For more than a couple centuries now, the Louvre museum in Paris has come to be synonymous with art and artifacts of the past. Housed in the former royal palace from before the monarchy headed for the suburbs of Versailles, the home of the one time royal collection was also synonymous with all that was the best and worst in the way of museums. It was diverse, yet dismal in its stuffiness. It was cavernous on the one hand yet overcrowded on the other. It's palatial layout was ill-suited for a museum, a maze where finding a working restroom, or even an exit, was often far more difficult that finding the "Mona Lisa."

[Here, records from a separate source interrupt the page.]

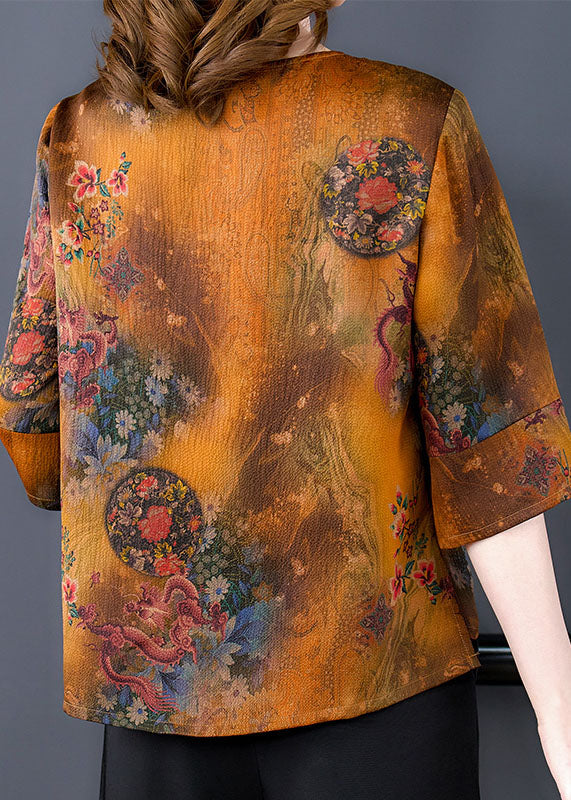 Chinese Style Yellow O-neck Oriental Button Print Silk Blouse Top Half Sleeve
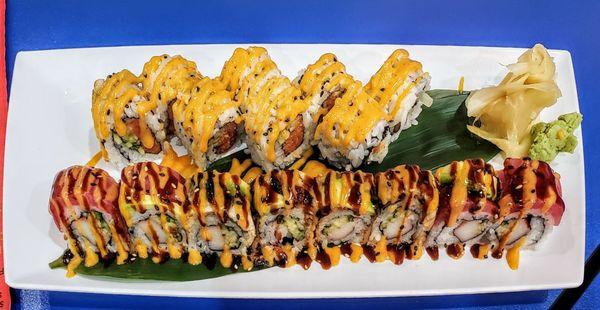 Spicy Tuna Roll (back) and Kamikaze Roll (front) at Megumi Emerson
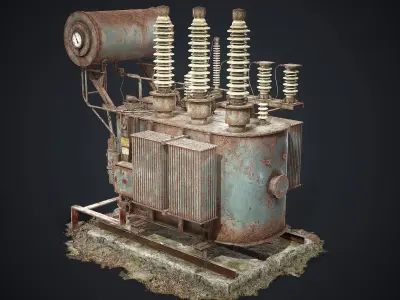 Old Rusty Transformer Low-poly 3D model purchase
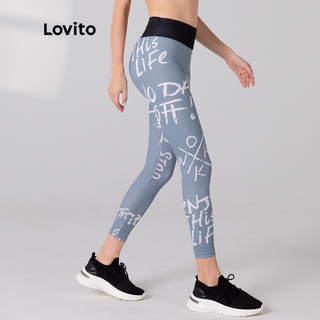 819 VN Delisted Quần Legging Lovito In Chữ Phối Màu Phong Cách Thể Thao L05211 (Màu Xám)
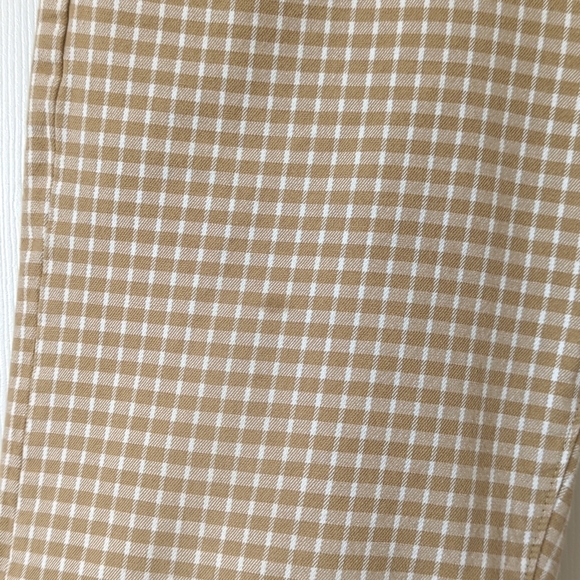 Levi's 504 Classic Checkered Plaid Regular Fit Jean Shorts Tan Brown White 38 - Picture 7 of 12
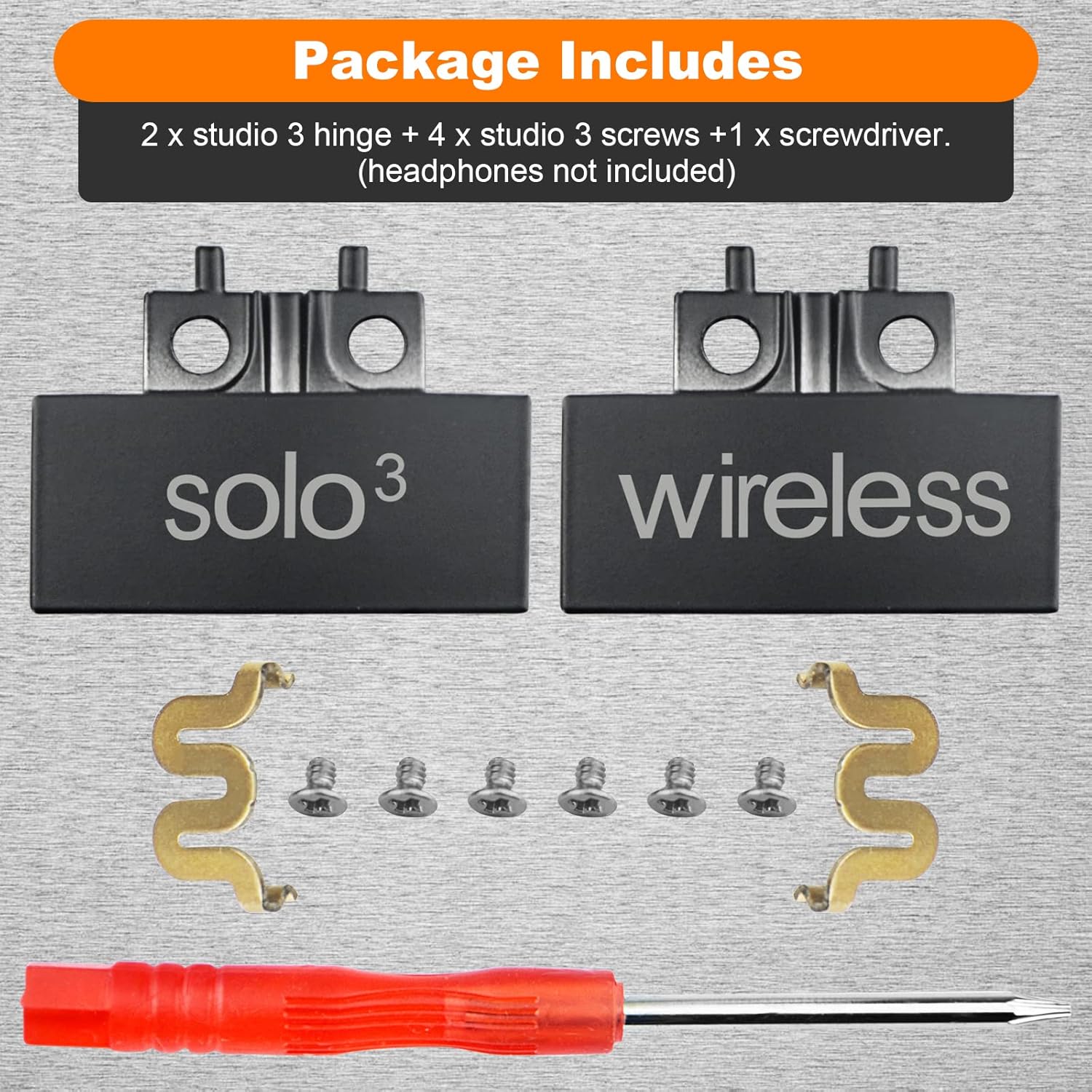 Solo3 Headphones Hinge Replacement Kit with Screws & Tools – Matte Black Repair Parts for Beats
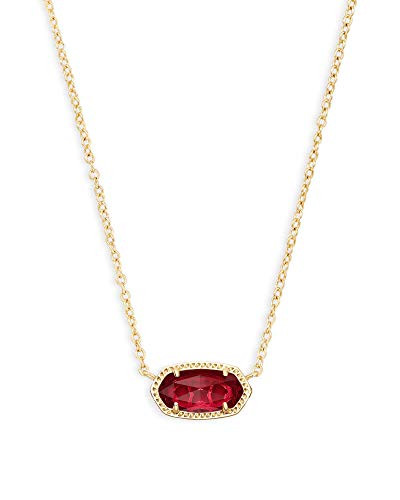 Kendra Scott Elisa Short Pendant Necklace for Women, Dainty Fashion Jewelry, 14K Gold-Plated Brass, Berry Clear Glass | Amazon (US)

In 1989, Parisians were aghast when the Chinese-American architect I.M. Pei managed to "fix" much of what was wrong with the musty old barn. It wasn't so much his remedies but the seemingly incongruous glass pyramid he erected in the courtyard to serve as a new, consolidated entrance to the museum so as to house underground the corollary services and organize the whole complex into something approaching a logical layout by category as well as chronology. It took some getting use to on the part of the French, but everyone else LOVED it. In just four years, attendance grew from 2.7 million visitors per year to an astounding 5.1 million. Then Pei did it again. He built nearby yet another identical glass pyramid. This time, Parisians raised hardly a word of protest. Of course this time, the pyramid was inverted, entirely underground, but also, this time, it lead not to the museum but to a megalopolistic underground shopping mall next door. It's called the Carrousel. Imagine the protest in Washington, DC if WE built a mall on the mall, or even under it, next door to our National Gallery!

Actually, strange as it sounds, the combination works pretty well. Museum attendance last year topped out at about 6 million visitors. The Carrousel provides an additional, all-weather, underground entrance to the Louvre itself, accessible to the Metro and underground parking, (no more waiting outside in line to buy tickets in the hot sun or pouring rain). Also included is additional restaurant and meeting areas (for Paris' huge fashion shows for instance). Also, the Carrousel provides a modest income for the museum itself, which has a say in approving tenants for the shopping complex. Many even think it makes visiting the Louvre less intimidating. It's just another attraction next door to the cinema and the Virgin Megastore. There's even a gift shop run ironically by New York's, Metropolitan Museum.

Although both the Louvre and the Carrousel benefit from their close proximity, the shopping complex does make the museum a bit nervous. People tend not to differentiate one from the other. Also, most of the shops have more to do with high fashion than high art. And the food service, for the most part is NOT haut cuisine but of the "fast" variety, in a dizzying array of international manifestations from Vietnamese to Moroccan. The whole complex is often criticized as being "too American" which is amusing when in fact, America has nothing in the way of museum/shopping complexes to even begin to compare with it. The best we seem to be able to do is mount our meager shopping enterprises INSIDE the museums themselves, which even at that only sell boring stuff like books, tapes, and posters. But then again, we don't have a Louvre. Viva la difference! Viva la France!